**** DATA FOR REVIEW ****

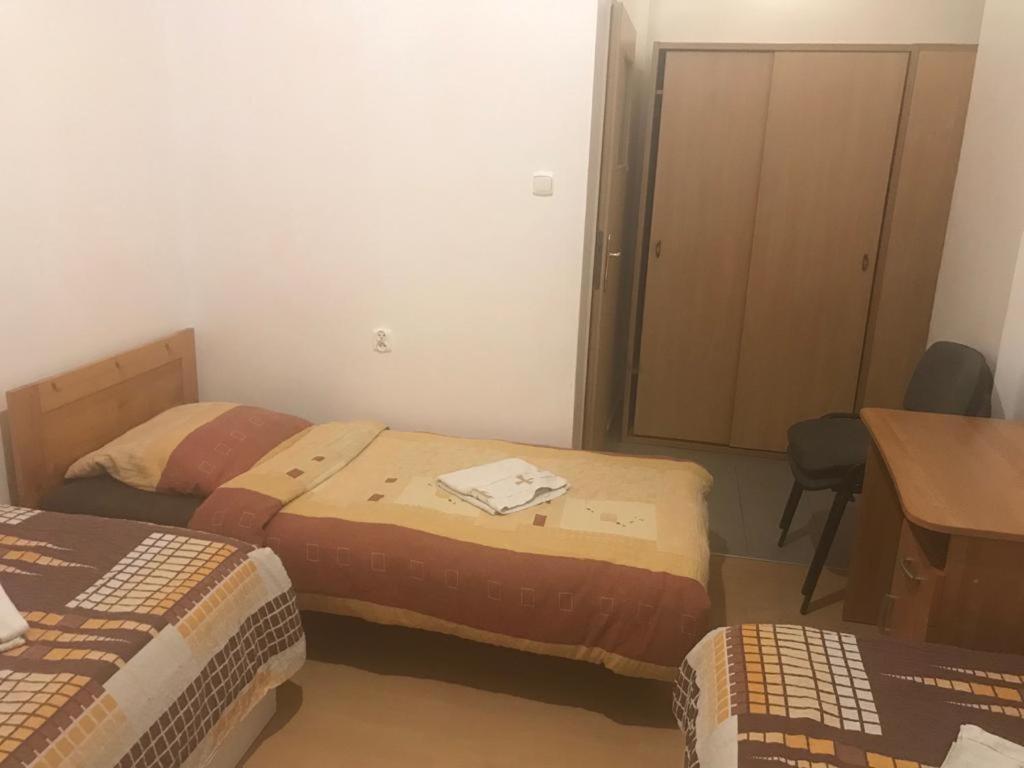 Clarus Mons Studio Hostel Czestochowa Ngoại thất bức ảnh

****
**** DATA FOR REVIEW ****

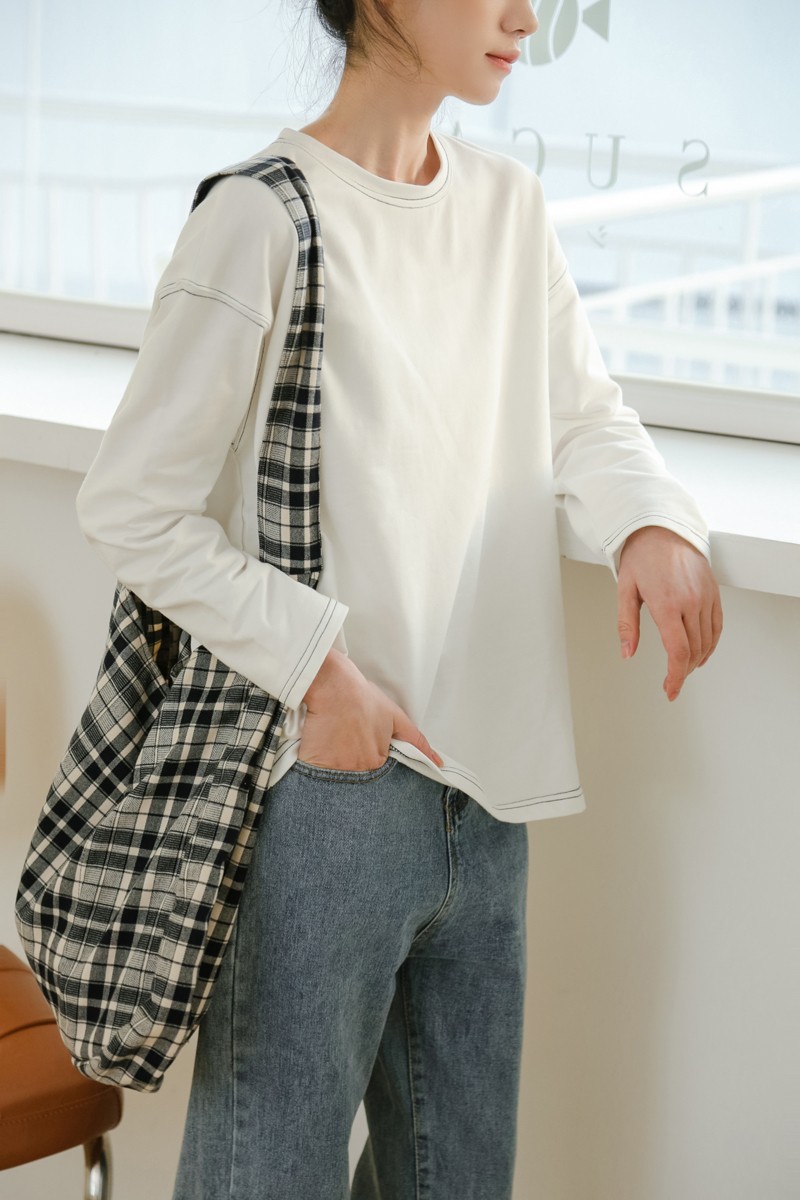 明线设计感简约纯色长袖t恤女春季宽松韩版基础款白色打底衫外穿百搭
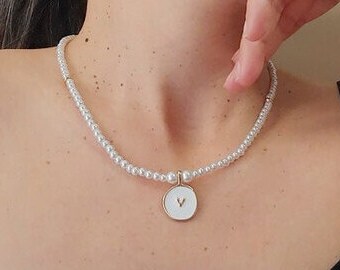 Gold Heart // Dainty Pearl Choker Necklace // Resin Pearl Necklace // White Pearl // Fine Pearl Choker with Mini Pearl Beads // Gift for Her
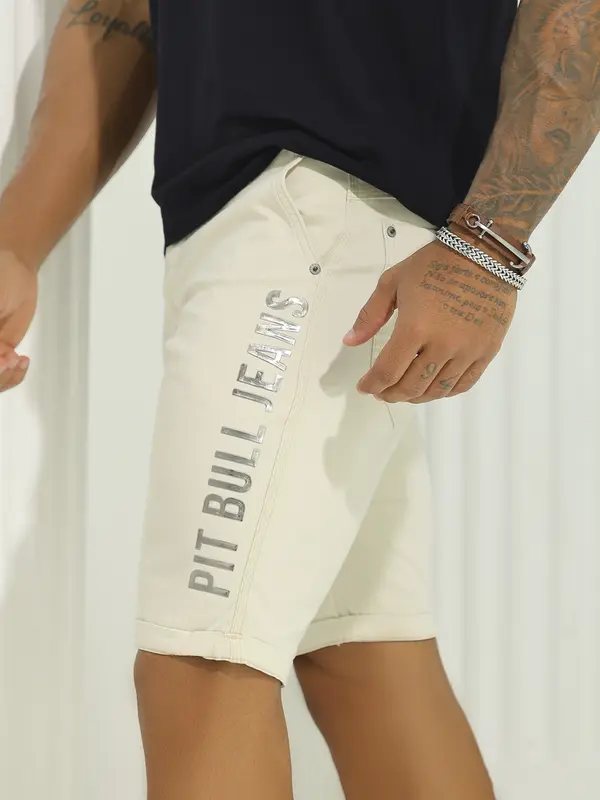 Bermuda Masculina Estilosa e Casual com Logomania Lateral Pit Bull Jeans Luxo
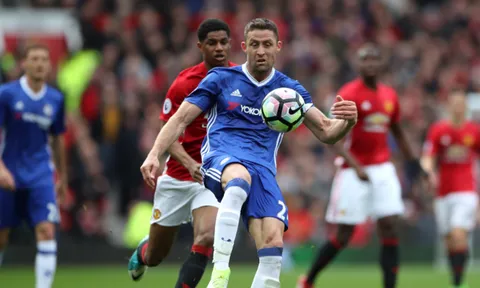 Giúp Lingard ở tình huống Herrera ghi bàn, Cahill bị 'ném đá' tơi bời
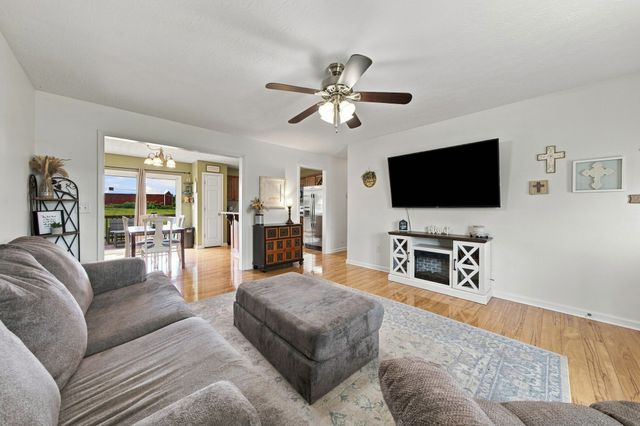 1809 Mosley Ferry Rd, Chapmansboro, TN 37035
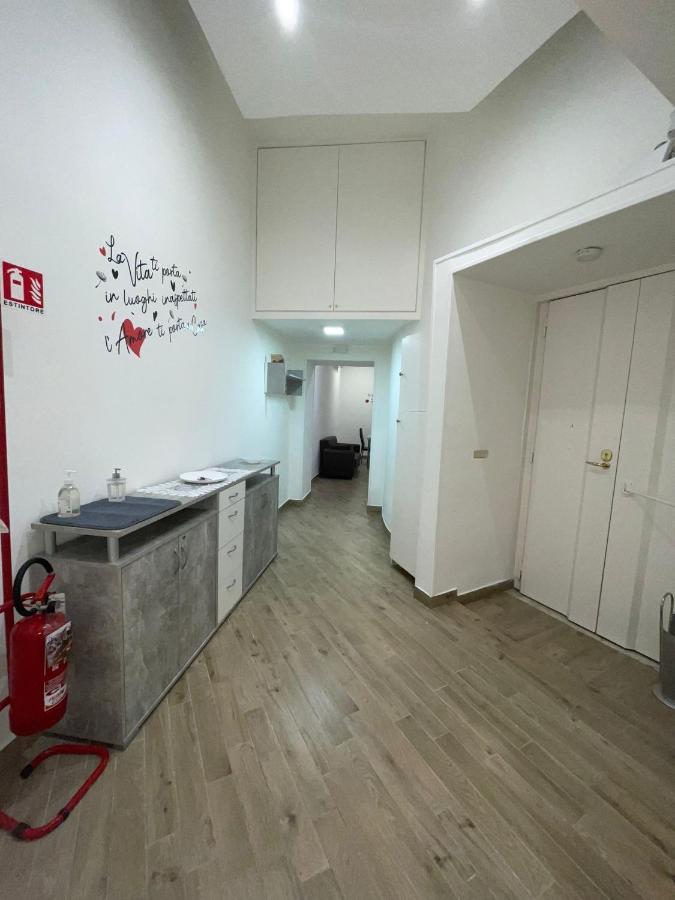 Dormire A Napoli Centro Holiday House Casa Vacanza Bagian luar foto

****

#### REQUIRED ACTION
Copy only the lines above from the one containing "Bermuda Masculina Estilosa" through the one containing "1809 Mosley Ferry Rd, Chapmansboro, TN 37035", both included. Leave out the pictures.

#### RESPONSE FOR THIS EXERCISE
 Bermuda Masculina Estilosa e Casual com Logomania Lateral Pit Bull Jeans Luxo
 Giúp Lingard ở tình huống Herrera ghi bàn, Cahill bị 'ném đá' tơi bời
 1809 Mosley Ferry Rd, Chapmansboro, TN 37035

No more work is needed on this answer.